■ Work item: In the records that follow, find the line containing "thumbnail image 3" and the line containing "Drop Shoulder Lantern", then transcribe both and every line between them exactly, omitting pictures.

■ Records supplied:

• • • • • • •

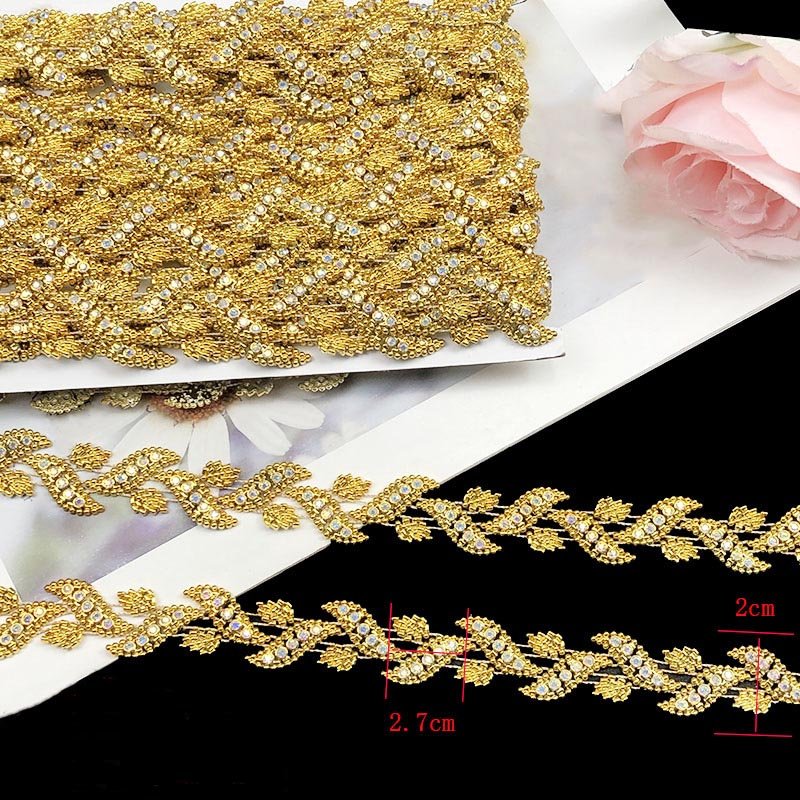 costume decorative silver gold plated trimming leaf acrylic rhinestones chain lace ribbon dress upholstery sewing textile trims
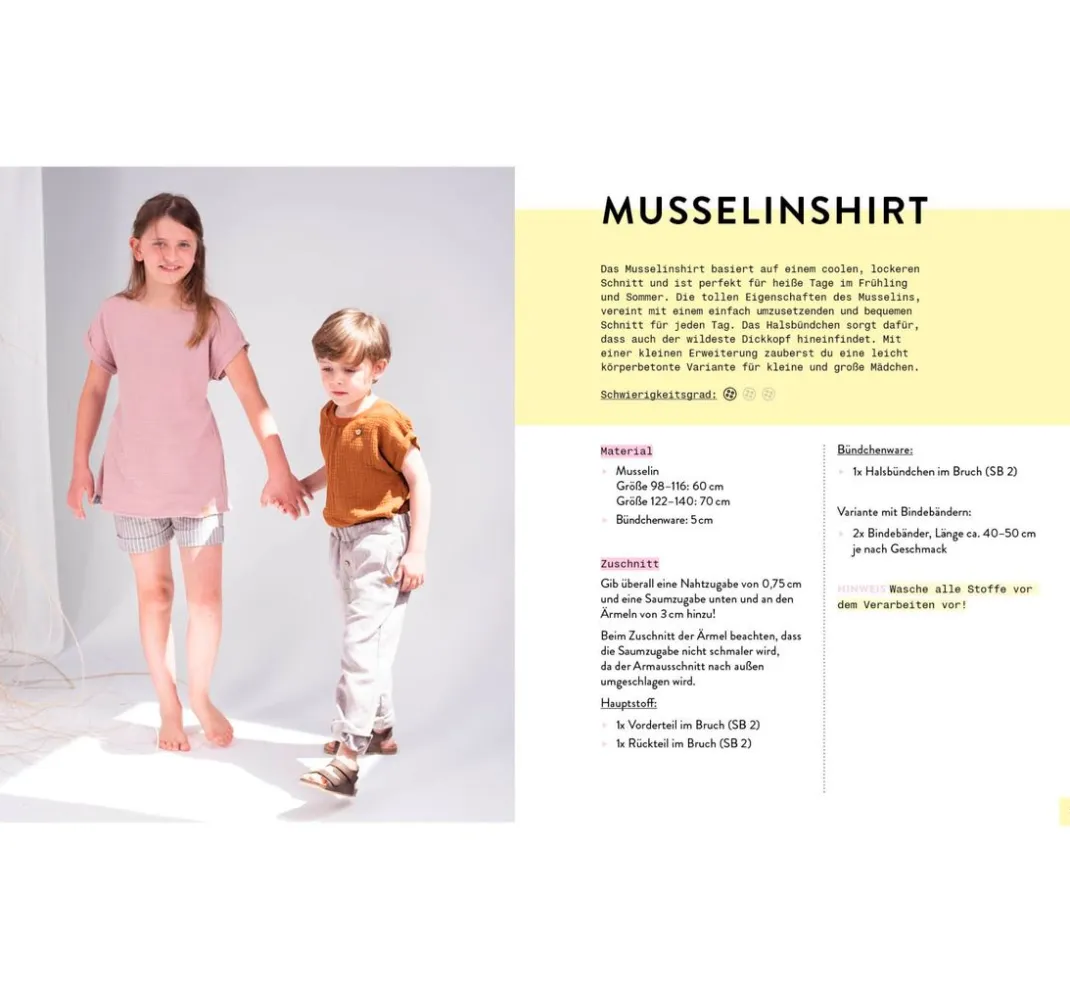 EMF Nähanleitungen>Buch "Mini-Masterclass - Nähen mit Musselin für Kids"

• • • • • • •

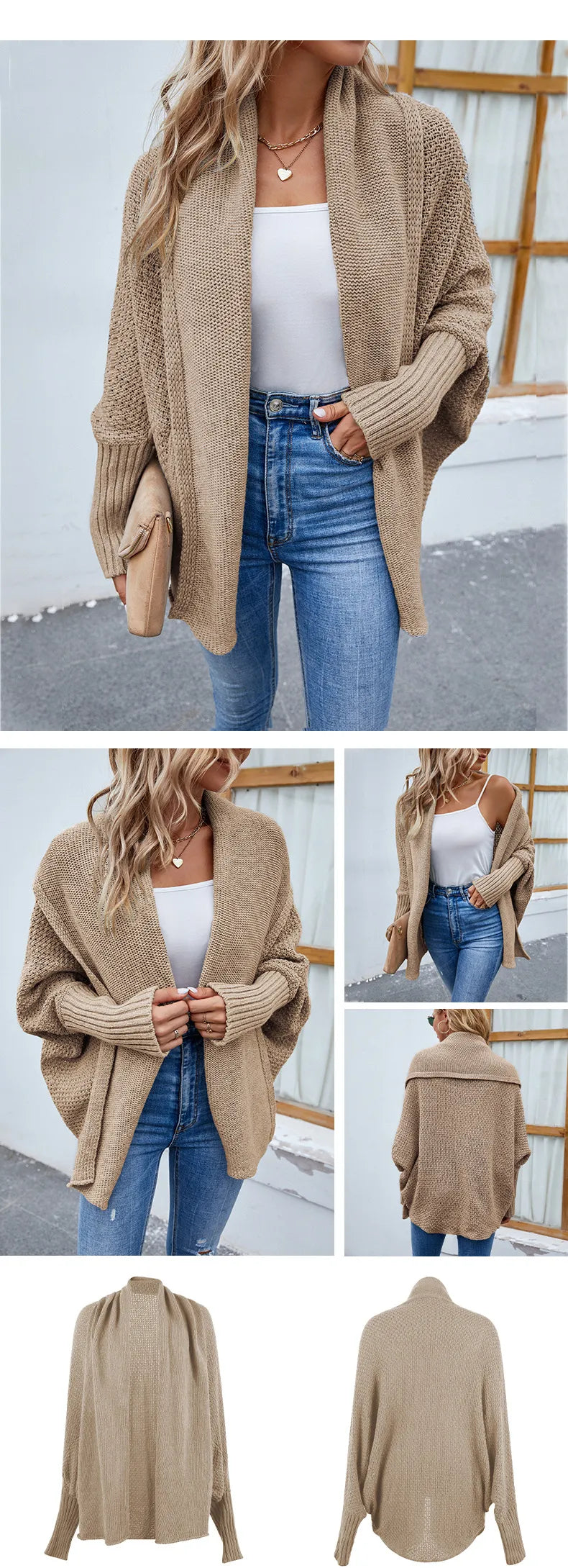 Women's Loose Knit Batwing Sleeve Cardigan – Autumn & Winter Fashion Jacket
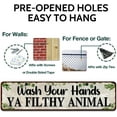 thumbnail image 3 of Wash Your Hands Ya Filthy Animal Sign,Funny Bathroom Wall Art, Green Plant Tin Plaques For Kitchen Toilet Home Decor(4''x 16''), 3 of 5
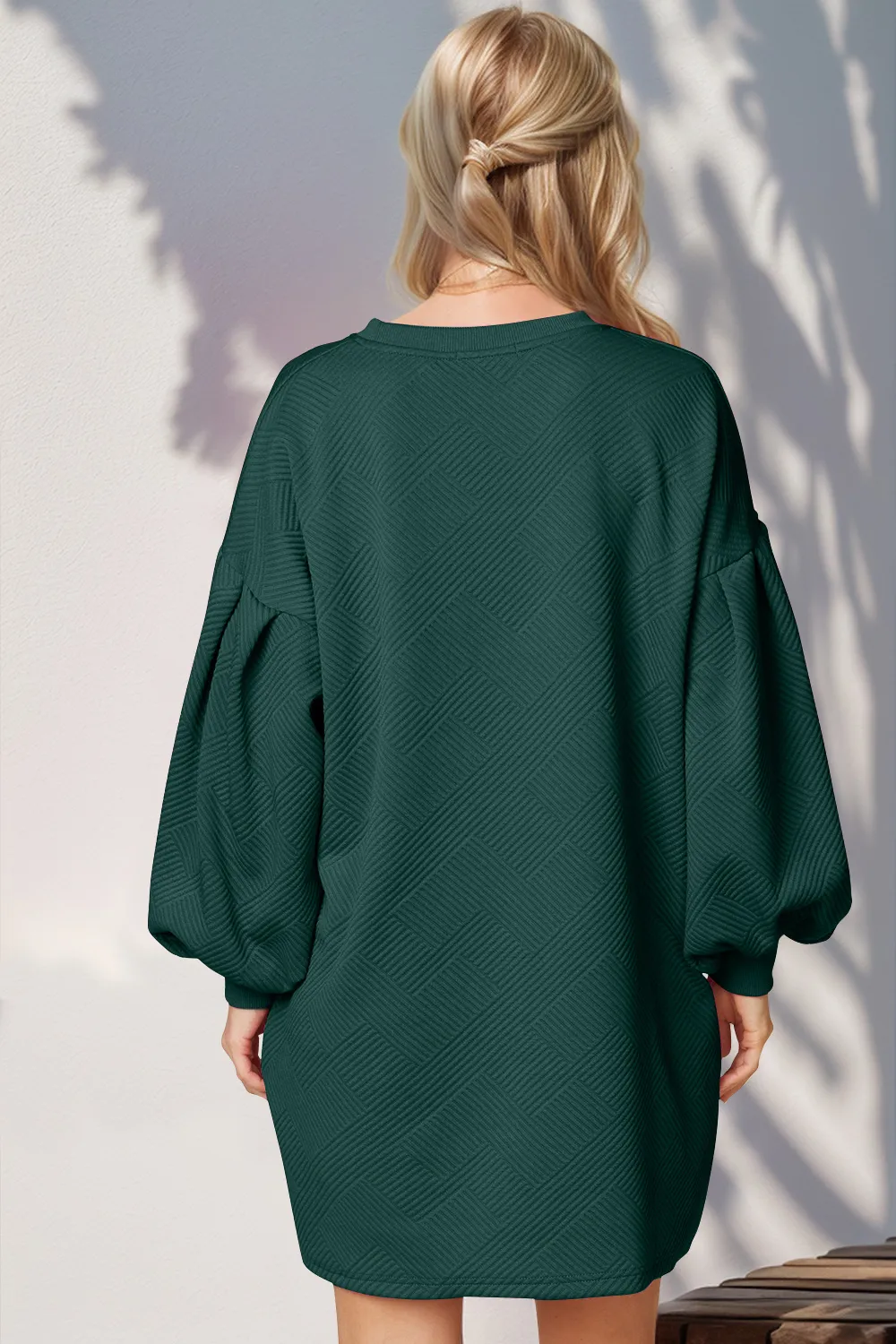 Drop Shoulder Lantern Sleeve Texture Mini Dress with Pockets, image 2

• • • • • • •

■ Result of this exercise:
 thumbnail image 3 of Wash Your Hands Ya Filthy Animal Sign,Funny Bathroom Wall Art, Green Plant Tin Plaques For Kitchen Toilet Home Decor(4''x 16''), 3 of 5
 Drop Shoulder Lantern Sleeve Texture Mini Dress with Pockets, image 2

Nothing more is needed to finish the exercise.